Data below Block Start
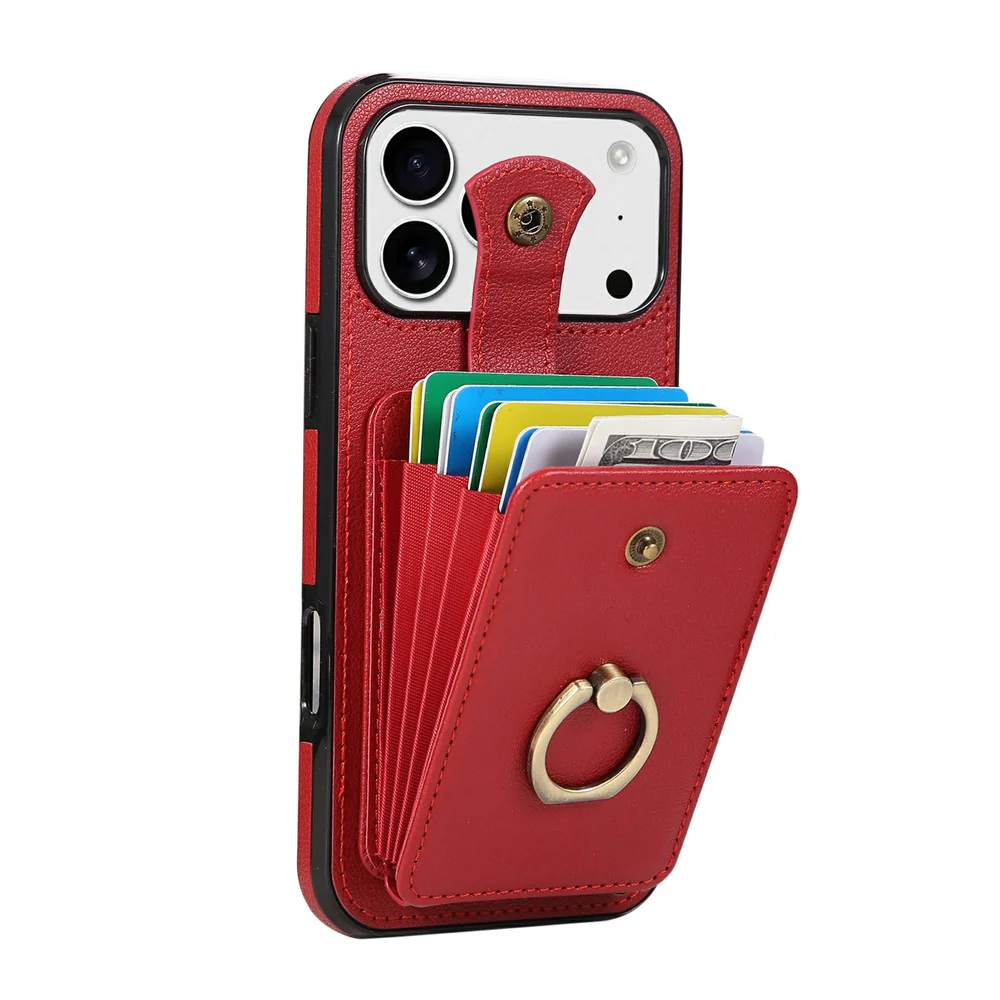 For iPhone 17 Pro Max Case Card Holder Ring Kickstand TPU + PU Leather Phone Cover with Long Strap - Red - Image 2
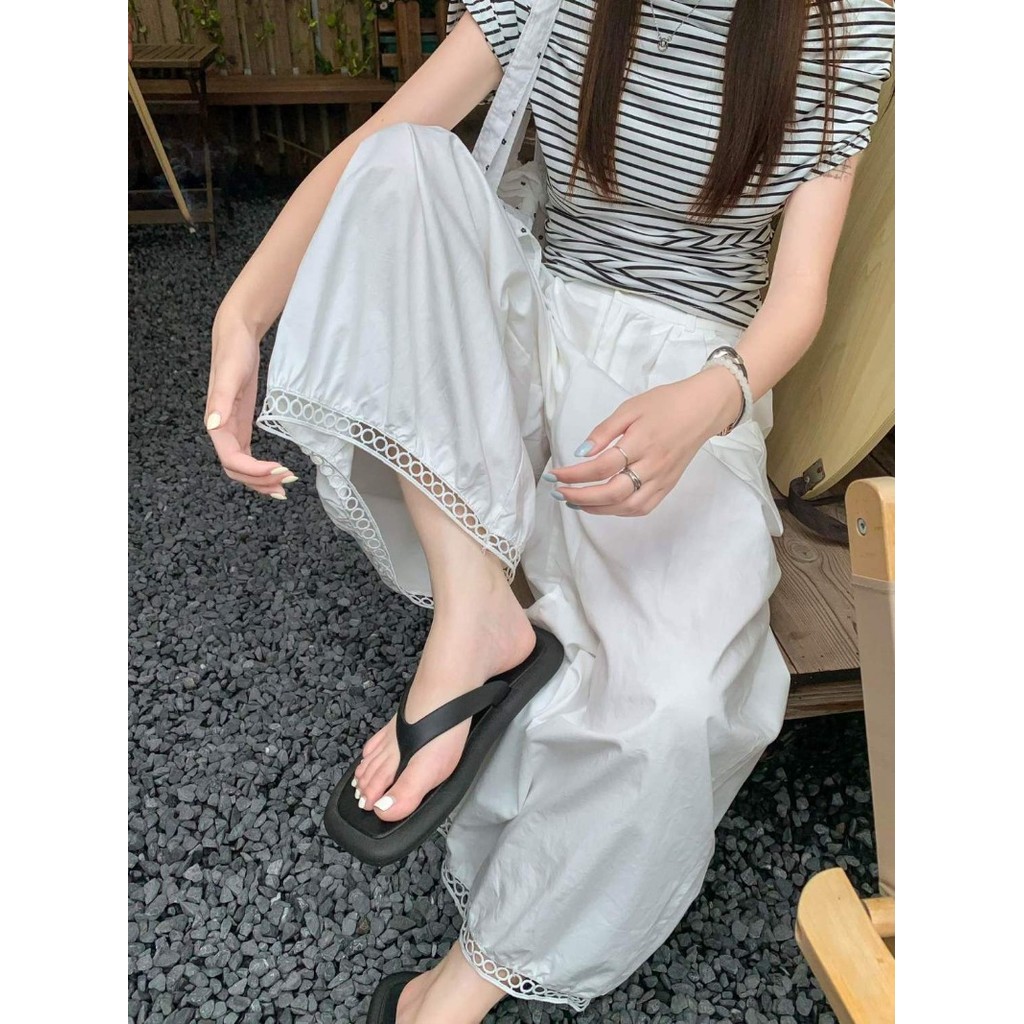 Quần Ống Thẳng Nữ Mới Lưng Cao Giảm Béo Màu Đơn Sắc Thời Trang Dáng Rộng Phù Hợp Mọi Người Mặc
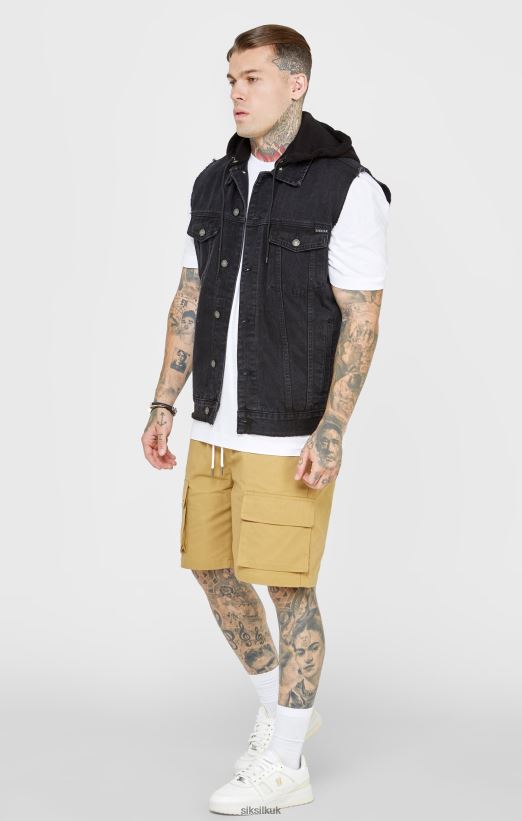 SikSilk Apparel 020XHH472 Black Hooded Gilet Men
Data below Block End
### Required work
Copy out the lines above in full and unaltered, apart from the pictures.

### Response for this exercise
 For iPhone 17 Pro Max Case Card Holder Ring Kickstand TPU + PU Leather Phone Cover with Long Strap - Red - Image 2
 Quần Ống Thẳng Nữ Mới Lưng Cao Giảm Béo Màu Đơn Sắc Thời Trang Dáng Rộng Phù Hợp Mọi Người Mặc
 SikSilk Apparel 020XHH472 Black Hooded Gilet Men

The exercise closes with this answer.